### [Extracted material]
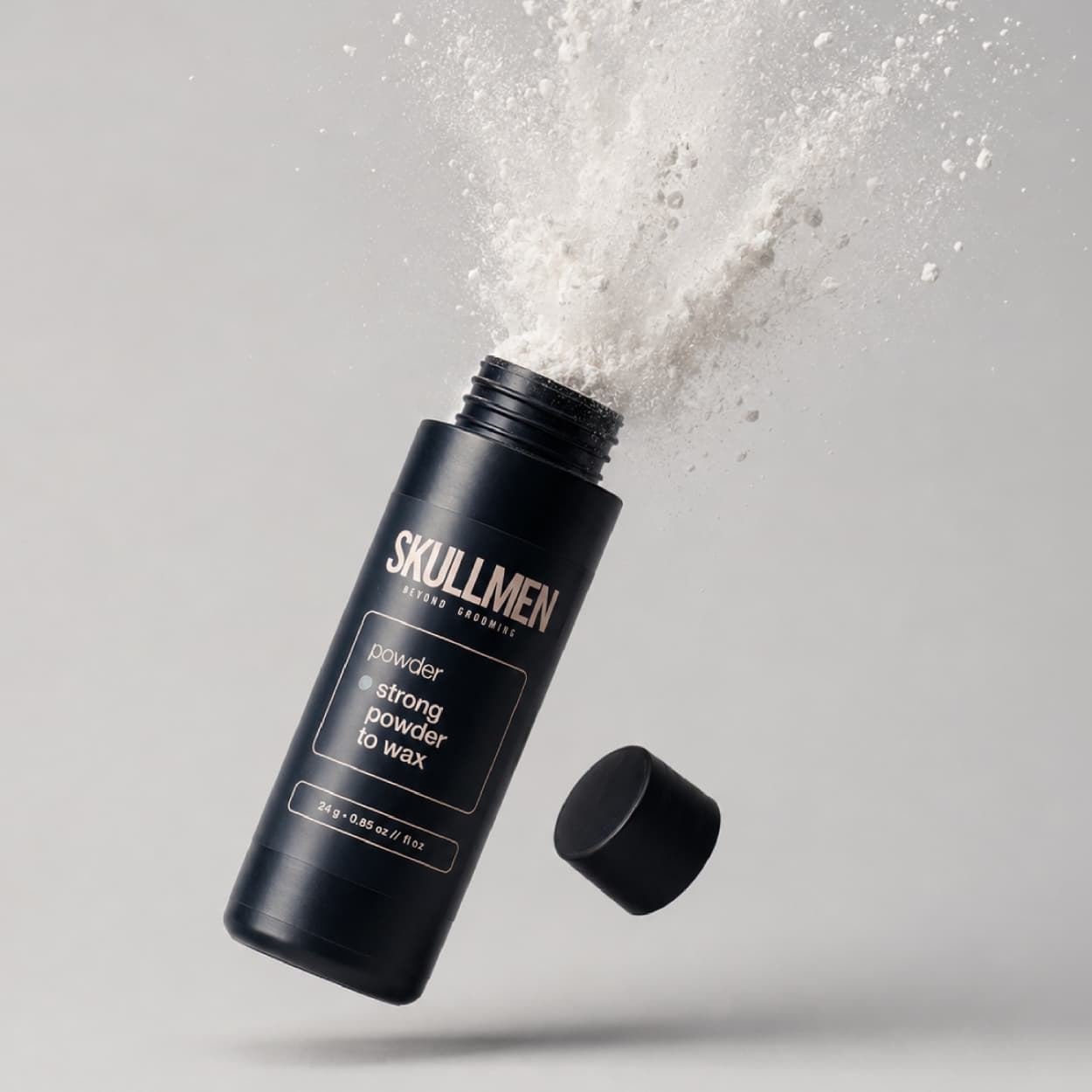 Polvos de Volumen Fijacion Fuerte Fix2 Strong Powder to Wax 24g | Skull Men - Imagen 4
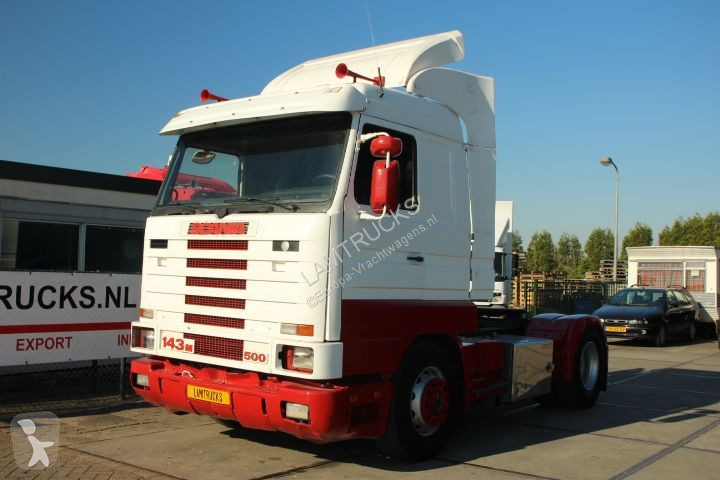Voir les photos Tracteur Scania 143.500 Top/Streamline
==
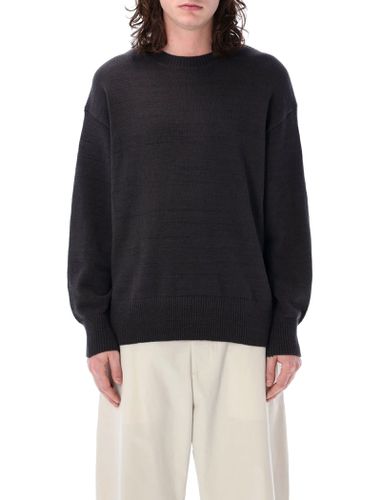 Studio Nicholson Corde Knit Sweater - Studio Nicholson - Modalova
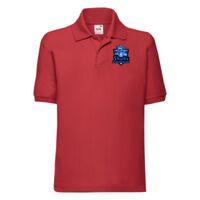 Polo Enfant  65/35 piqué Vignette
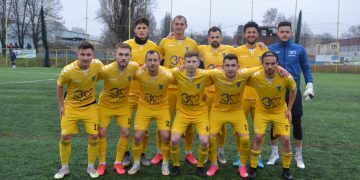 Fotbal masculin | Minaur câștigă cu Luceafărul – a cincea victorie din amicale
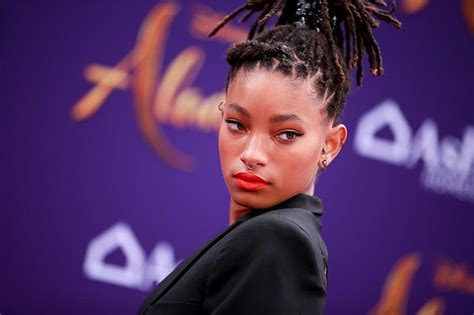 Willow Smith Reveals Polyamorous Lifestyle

### [Problem details]
The answer must be the part of the records that opens with the line containing "Studio Nicholson Corde" and closes with the line containing "Willow Smith Reveals Polyamorous Lifestyle", reproduced exactly, with no pictures.

### [Completed task]
 Studio Nicholson Corde Knit Sweater - Studio Nicholson - Modalova
 Polo Enfant  65/35 piqué Vignette
 Fotbal masculin | Minaur câștigă cu Luceafărul – a cincea victorie din amicale
 Willow Smith Reveals Polyamorous Lifestyle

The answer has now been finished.